### Records for the task
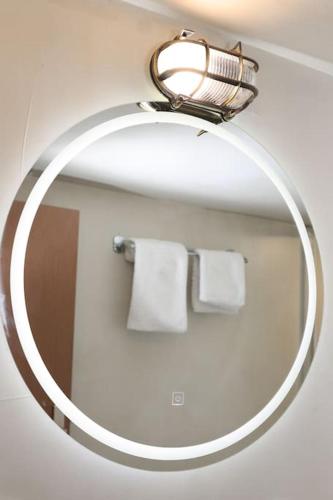 a mirror in a bathroom with two white towels at Titinas' in Plomari
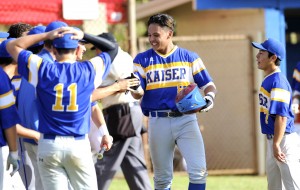 Kaiser's Lincoln Lima celebrated with his teammates after his game-tying home run against Kalani last Wednesday. Photo by Bruce Asato/Star-Advertiser.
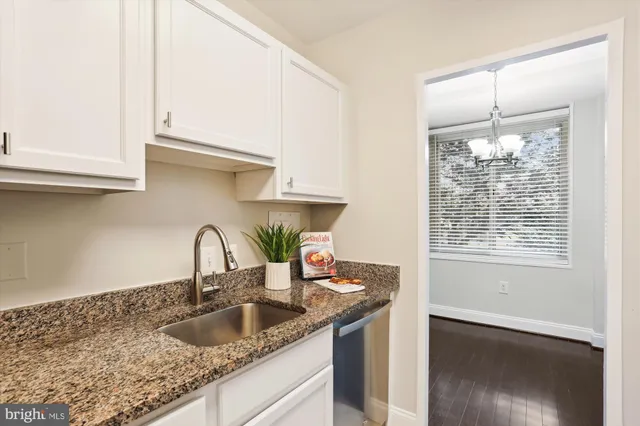 a kitchen with a granite countertop sink and cabinets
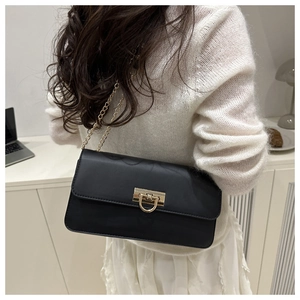 Sac baguette en cuir noir mat avec bandoulière chaîne dorée porté par un mannequin chic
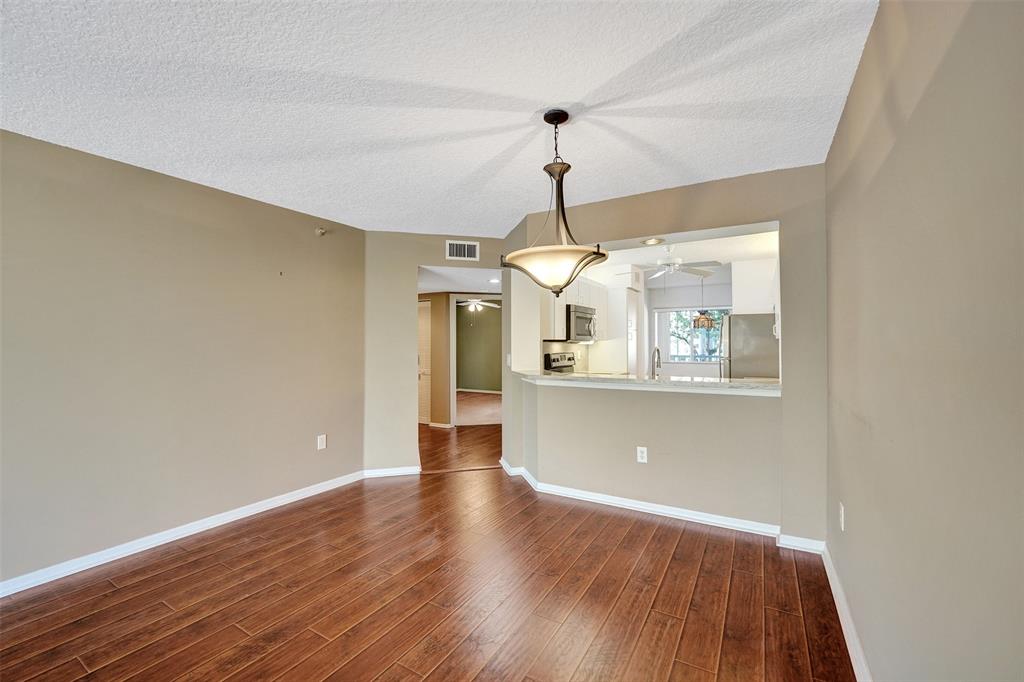 9563 Weldon Circle, Unit D212 Tamarac, FL 33321 - Photo 22 of 69 a view of a room with a wooden floor and a ceiling fan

### Your goal
Your output should be the lines from the one with "a kitchen with" through the end of the listing, copied exactly and with the pictures left out.

### Solution to this task
 a kitchen with a granite countertop sink and cabinets
 Sac baguette en cuir noir mat avec bandoulière chaîne dorée porté par un mannequin chic
 9563 Weldon Circle, Unit D212 Tamarac, FL 33321 - Photo 22 of 69 a view of a room with a wooden floor and a ceiling fan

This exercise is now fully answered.